De son côté, la Couronne estime plutôt que «c’est M. Grewal qui a décidé de jouer avec cette balle de façon négligente, assumant volontairement le risque» de sa conduite pour la sécurité d’autrui.
Une catastrophe annoncée
Ce carambolage mortel était plutôt «une catastrophe annoncée», selon la Couronne.

«À force de jouer avec le feu, on finit par se brûler. C’est exactement ce qui est arrivé», avancent les procureurs, Mes Simon Blais, Alexis Marcotte Bélanger et Lyly-Anne Ratelle.
La collision ne peut être expliquée que par sa manière «dangereuse» de conduire. Dans les 10 secondes avant l’impact, la semi-remorque n’a jamais freiné ni même ralenti.
«L’accusé n’a pas prêté attention à la circulation pendant une période de temps inacceptable et n’a eu aucune réaction pour éviter la collision.»
Cet argument doit être rejeté, selon la défense, car personne ne sait ce qui s’est passé dans la cabine de Grewal avant l’impact. L’accusé n’a pas donné sa version des faits à son procès.
Accablé de problèmes
La Couronne plaide également que Grewal était accablé de problèmes de santé qui sont incompatibles avec la conduite.
Antidouleurs, relaxants musculaires, antidépresseurs: il prenait un cocktail de médicaments pouvant causer des effets secondaires, comme de la somnolence et des étourdissements, pour ne nommer que ceux-là. Or, il n’y a aucune preuve que cela a eu un impact sur sa capacité à conduire, estime la défense.

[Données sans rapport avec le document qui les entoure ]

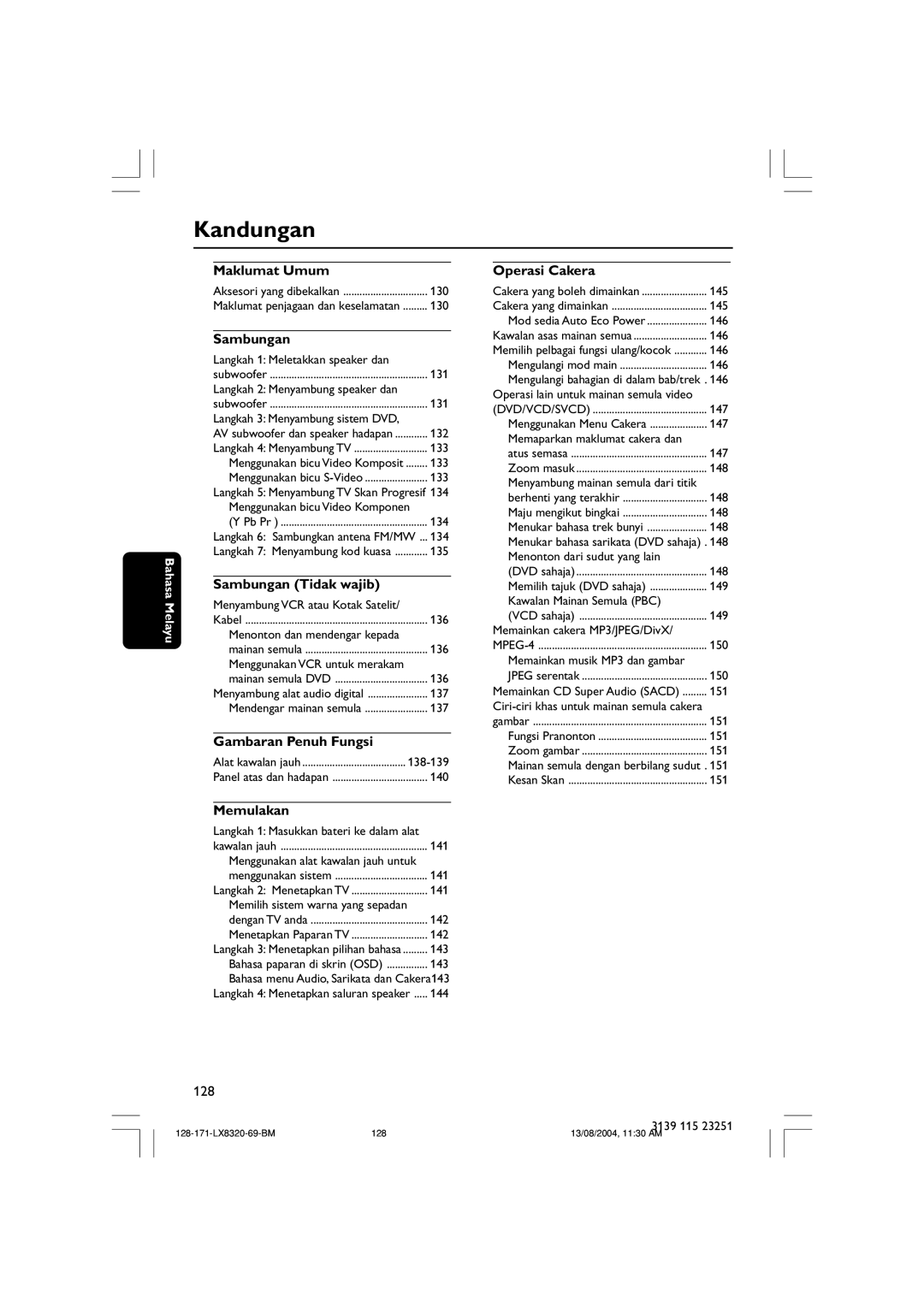 Philips LX8320SA user manual Kandungan, Bahasa Melayu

Celui-ci n’avait pas divulgué son récent diagnostic de diabète à la SAAQ, en plus de négliger le traitement de sa maladie.
«Un chauffeur de camion professionnel raisonnable aurait été conscient des risques [...] et se serait abstenu de prendre le volant» le jour du carambolage, conclut la Couronne en invitant la juge, Yanick Laramée, à le reconnaître coupable.
Les plaidoiries orales auront lieu en juin prochain au palais de justice de Laval.